Extracted records
■ ■ ■ ■ ■
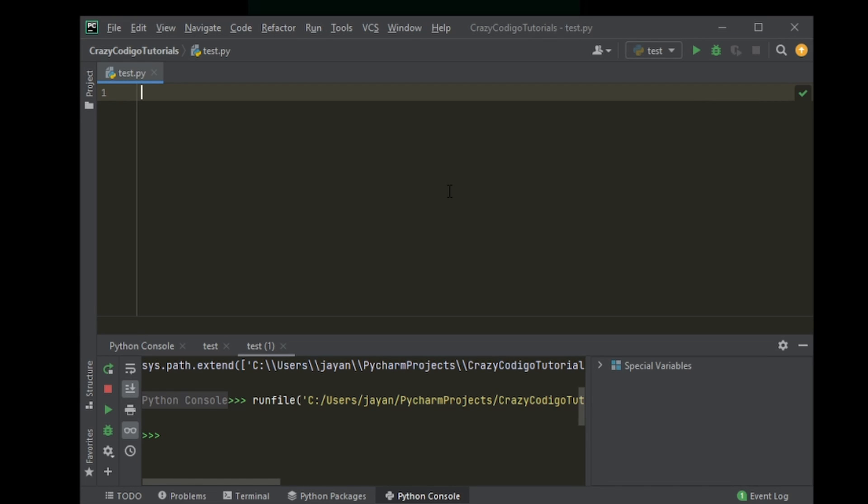Hi and welcome to what I think is your seventh Python tutorial. I'm not exactly sure about the number, but anyway, today we're going to be talking about something called the for loop.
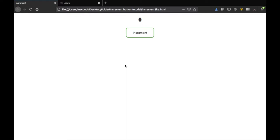All right, so what is up guys? In this video, I'm going to be showing you how we can create an increment button in JavaScript and let me show you exactly what we'll be making.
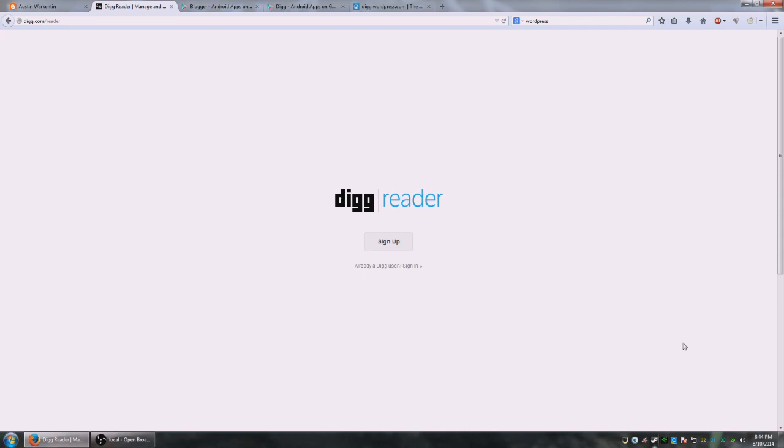Hey guys, in this tutorial I'm going to be showing you how to subscribe to your favorite blogs, whether they be RSS feeds,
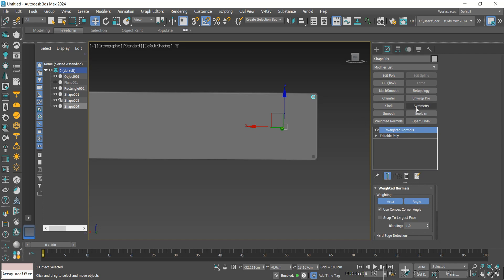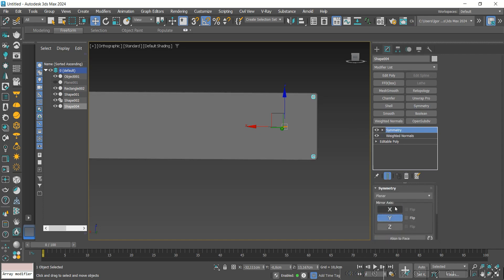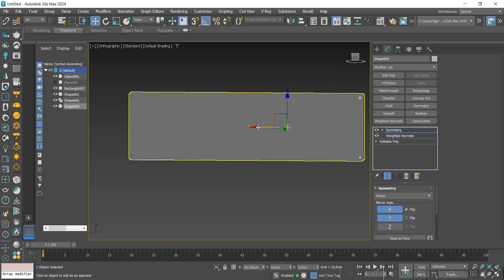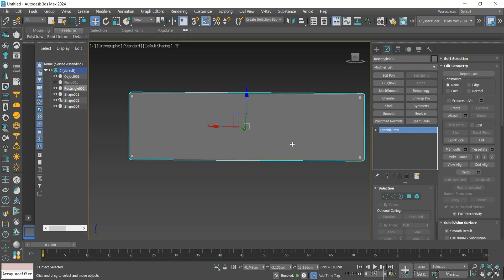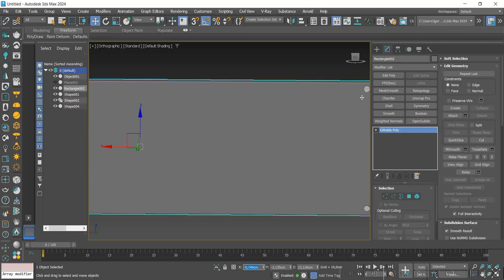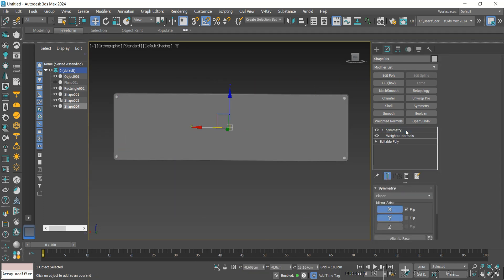With Symmetry, I'm going to mirror the screw on the Y axis and then on the X axis. I'm going to select the correct position on the X axis and apply it to the part.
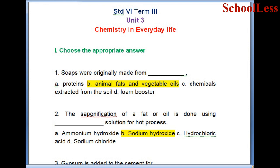Hello students, welcome to Scholar's YouTube channel. Today we are covering Class 6, Term 3, Unit 3: Chemistry in Everyday Life.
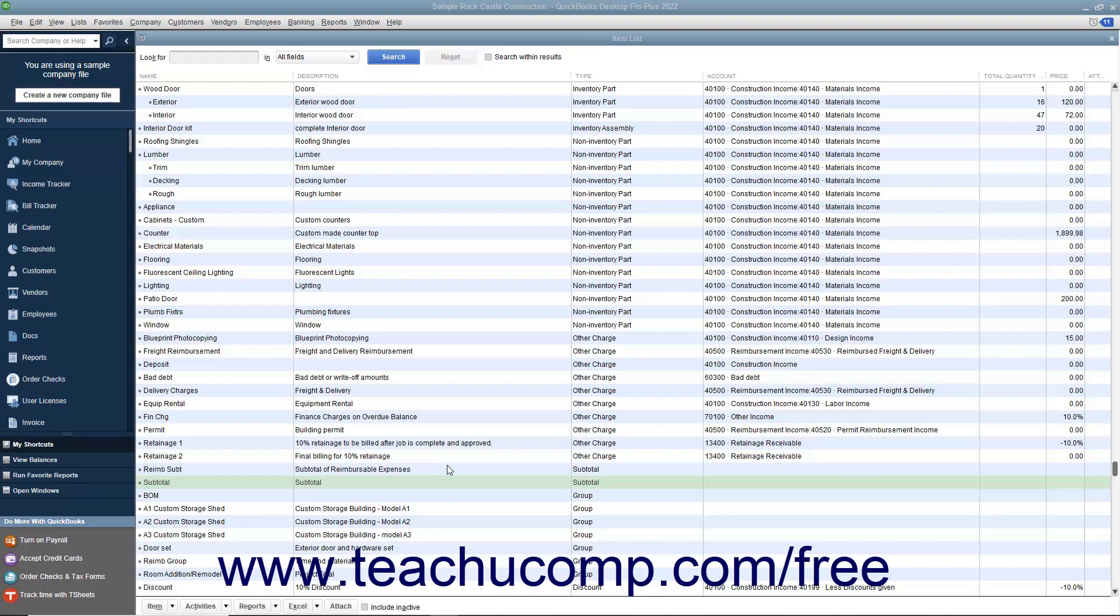This is useful for totaling all of the previous line items within an invoice before applying a discount to the subtotal amount.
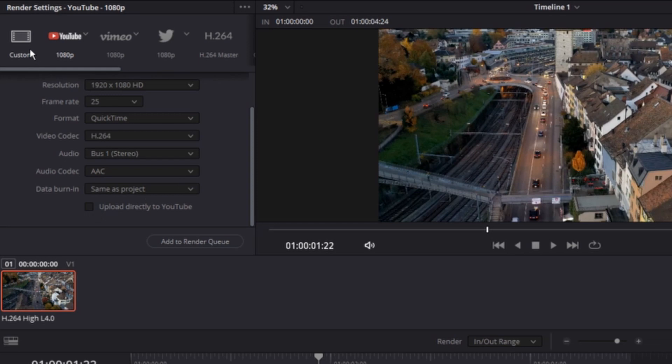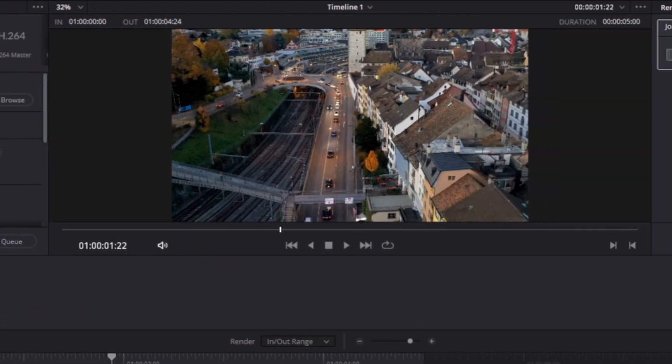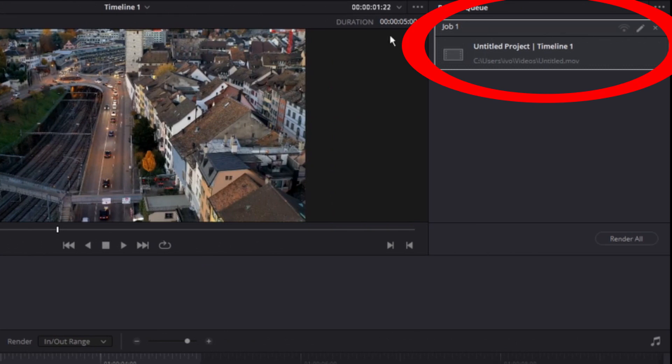After you fill up everything, you can click on Add to Render Queue. Then on the right side, you will see your project. You can click Render All.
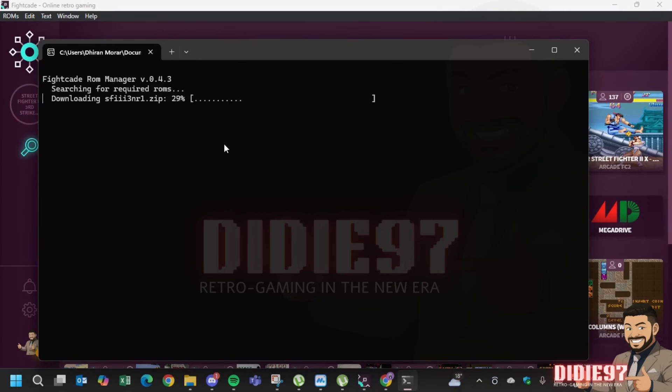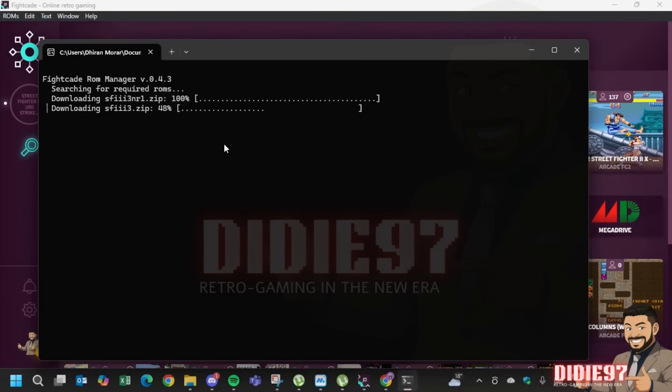After this has been done, go to Fightcade, click on any game and it will download the ROM for you.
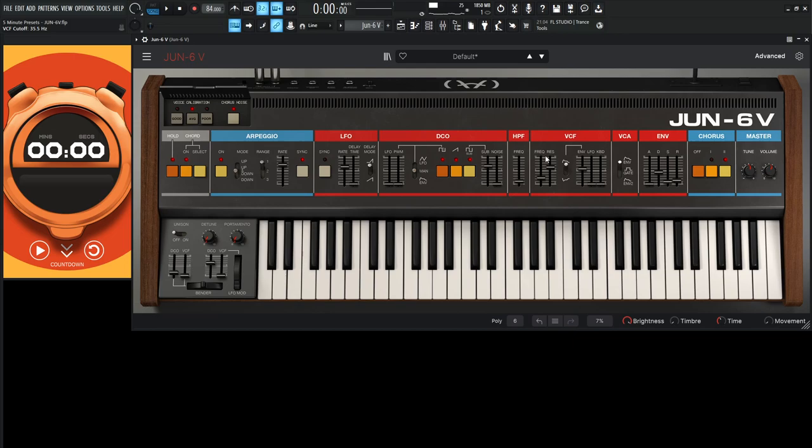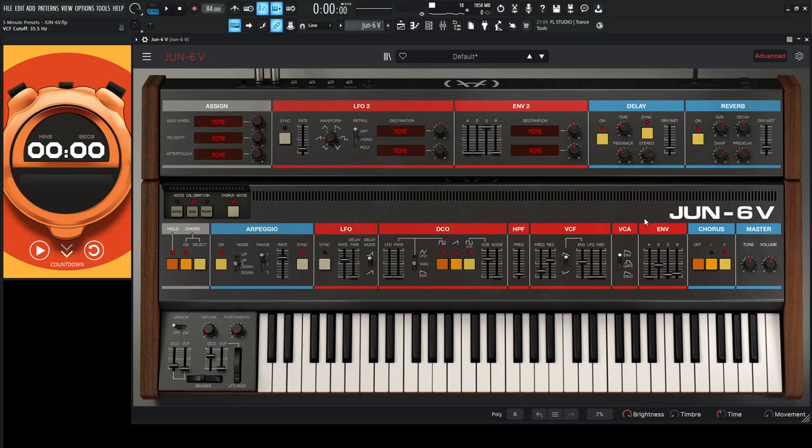Pretty cool. You can always tweak it further more if you want. You can always go into the advanced section here, change the VCA to envelope 2, and then you have this one for the VCA, so our volume, our amplitude, and then we can use this envelope down here just for the filter cutoff.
■ ■ ■ ■ ■
[Activity]
With the pictures left out, restate word for word every line of the data above, from the first down to the line that contains "After this has".

[Task output]
Hi and welcome to what I think is your seventh Python tutorial. I'm not exactly sure about the number, but anyway, today we're going to be talking about something called the for loop.
All right, so what is up guys? In this video, I'm going to be showing you how we can create an increment button in JavaScript and let me show you exactly what we'll be making.
Hey guys, in this tutorial I'm going to be showing you how to subscribe to your favorite blogs, whether they be RSS feeds,
With Symmetry, I'm going to mirror the screw on the Y axis and then on the X axis. I'm going to select the correct position on the X axis and apply it to the part.
Hello students, welcome to Scholar's YouTube channel. Today we are covering Class 6, Term 3, Unit 3: Chemistry in Everyday Life.
This is useful for totaling all of the previous line items within an invoice before applying a discount to the subtotal amount.
After you fill up everything, you can click on Add to Render Queue. Then on the right side, you will see your project. You can click Render All.
After this has been done, go to Fightcade, click on any game and it will download the ROM for you.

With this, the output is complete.